Semarang | PortalIndonesiaNews.Net – Suasana Kota Semarang berubah semarak pada Jumat (28/2/2025) saat ribuan warga tumplek blek di Balai Kota Semarang untuk merayakan Tradisi Dugderan 2025. Festival budaya yang menjadi penanda datangnya bulan suci Ramadhan 1446 H ini kembali digelar dengan penuh kemeriahan, menghadirkan nuansa kearifan lokal yang kental.
Dugderan merupakan tradisi khas Semarang yang identik dengan suara “dug” dari bedug dan “der” dari petasan, simbol kegembiraan menyambut Ramadhan. Wali Kota Semarang, Agustina Wilujeng, yang akrab disapa Agustin, membuka secara resmi acara ini dengan prosesi pemukulan bedug, yang menjadi pertanda awal puasa bagi masyarakat Semarang.
Pawai Budaya: Perpaduan Tradisi dan Religi, Kirab Budaya Dugderan 2025 dimulai tepat pukul 13.00 WIB, setelah salat Jumat. Arak-arakan budaya ini menempuh rute dari Balai Kota Semarang menuju Masjid Agung Jawa Tengah (MAJT), melewati Jalan Pemuda, Alun-Alun Kauman, dan beberapa titik bersejarah lainnya.
Kemeriahan semakin terasa dengan penampilan tari Ratian yang bernuansa Islami, serta partisipasi berbagai komunitas budaya yang membawa replika Warak Ngendog, ikon Dugderan yang melambangkan akulturasi budaya di Semarang.
Menurut Kepala Dinas Perhubungan Kota Semarang, Kusnandir, beberapa ruas jalan mengalami penutupan sementara guna kelancaran acara, termasuk Jalan Pemuda di depan Mal Paragon hingga Lawang Sewu. Selain itu, Jalan Imam Bonjol-Tugu Muda mengalami rekayasa lalu lintas menjadi dua arah.
Warak Ngendog, Simbol Persatuan Semarang, Dalam prosesi Dugderan, maskot khas Warak Ngendog tetap menjadi ikon utama. Warak Ngendog adalah simbol keberagaman Kota Semarang, yang mencerminkan perpaduan budaya Jawa, Arab, dan Tionghoa.
“Dulu, saat pertama kali Dugderan digelar, masyarakat Semarang sedang mengalami krisis pangan, terutama telur.

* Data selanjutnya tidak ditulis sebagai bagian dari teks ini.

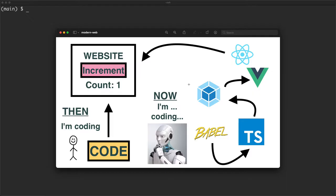Modern web development is notoriously complicated. When I first picked this stuff up, I found it very difficult to understand all of the moving parts, including things like Babel, TypeScript, Webpack, Vue and React. So what we're going to do in this video is try and cover off all these different tools and how they work by starting off with the most simple application possible and slowly adding each of these tools, seeing what problems they solve and what problems they might introduce.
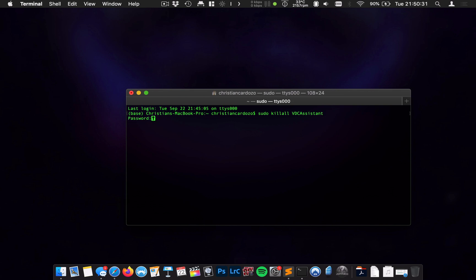I'm going to go ahead and hit Enter. It's going to ask me for my password as expected, and now I have successfully killed the vdcassistant. Now, the Mac doesn't like that, and so it will automatically restart the vdcassistant, and when that happens, it will be the same as if you had turned your Mac off and back on, in that it will reinitialize your webcam.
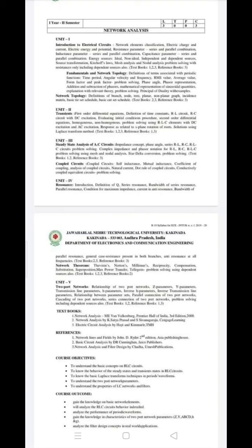The coupled circuit uses Kirchhoff's laws. Important topics include mutual inductance: L total equals L1 plus L2 plus or minus 2M for series aiding or opposing. Coefficient of coupling k equals M divided by the square root of L1 times L2. Derivations for series aiding, parallel aiding configurations are required.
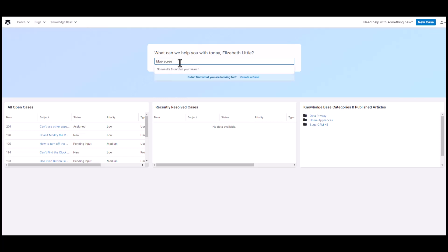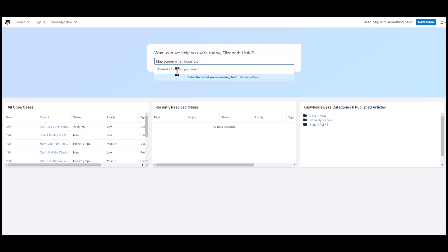If they want to create a case, they first have to search by keyword, and if they aren't able to find a knowledge base article, they can then create a case.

Maka, Warak Ngendog menjadi simbol harapan dan kesejahteraan yang datang saat Ramadhan,” jelas seorang budayawan yang turut hadir.

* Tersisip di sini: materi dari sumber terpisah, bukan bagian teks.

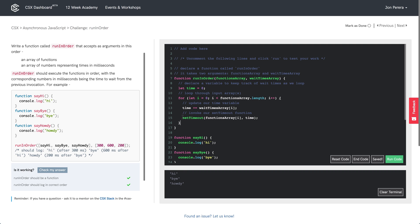Inside the loop, we update our time variable immediately to ensure we have the correct time to work with, then fire our setTimeout function passing in the current function definition and its corresponding wait time. Worth noting that setTimeout is not a JavaScript method — it's part of the Web API, something the browser makes available. It uses the event loop: it sends the function definition off to the Web API, holds it for the specified milliseconds, then pushes it into the event loop's task queue, and ultimately onto the call stack once it's empty. That's how we get hi, bye, and howdy invoked in the correct order with the correct wait times.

Wali Kota Agustin yang memerankan Kanjeng Mas Ayu Tumenggung Purbodiningrum menegaskan bahwa Dugderan bukan sekadar festival, tetapi warisan budaya yang harus terus dilestarikan.

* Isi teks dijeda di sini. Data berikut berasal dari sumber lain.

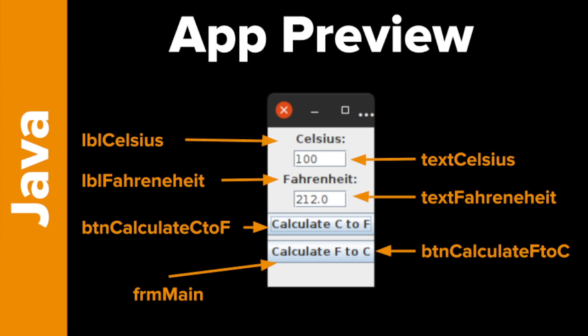We're going to be creating a very simple app where we convert Celsius to Fahrenheit. You can see here we've got some labels — one that says Celsius and one that says Fahrenheit. We've got a text box where we're going to put our Celsius value, a text box for Fahrenheit, and a couple of buttons: one for calculating Celsius to Fahrenheit and one for calculating Fahrenheit to Celsius. All of these elements are inside something called a frame, which I've called frmMain.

“Tradisi ini bukan hanya tentang kemeriahan, tapi juga mengajarkan nilai kebersamaan, kegembiraan, dan semangat berbagi. Semoga Ramadan tahun ini membawa berkah bagi kita semua,” ujar Agustin dalam sambutannya.
Antusiasme Warga: Halaman Balai Kota Penuh Sesak, Tak hanya warga Semarang, masyarakat dari berbagai daerah di sekitar Jawa Tengah juga turut meramaikan festival ini. Halaman Balai Kota dipenuhi lautan manusia, menciptakan suasana penuh semangat dan kebersamaan.
“Setiap tahun saya selalu datang. Dugderan itu bukan hanya acara budaya, tapi sudah menjadi bagian dari identitas Semarang,” ujar Slamet, seorang warga dari Pedurungan yang datang bersama keluarganya.
Sementara itu, anak-anak tampak antusias menyaksikan berbagai atraksi, mulai dari parade kostum, pertunjukan musik tradisional, hingga pesta kembang api yang menutup acara dengan meriah.
Semarang Siap Sambut Ramadhan dengan Semangat Baru, Dengan berakhirnya Dugderan, masyarakat Semarang kini bersiap menyambut bulan Ramadhan dengan hati yang lebih damai dan penuh kegembiraan. Semangat kebersamaan yang tercermin dalam festival ini menjadi cerminan bahwa tradisi bukan sekadar perayaan, melainkan juga perekat sosial yang memperkuat nilai-nilai budaya dan keagamaan.
“Mari kita jaga kebersamaan ini, saling menghormati, dan mempererat persaudaraan selama Ramadhan. Semoga Semarang tetap menjadi kota yang harmonis dan sejahtera,” tutup Wali Kota Agustin.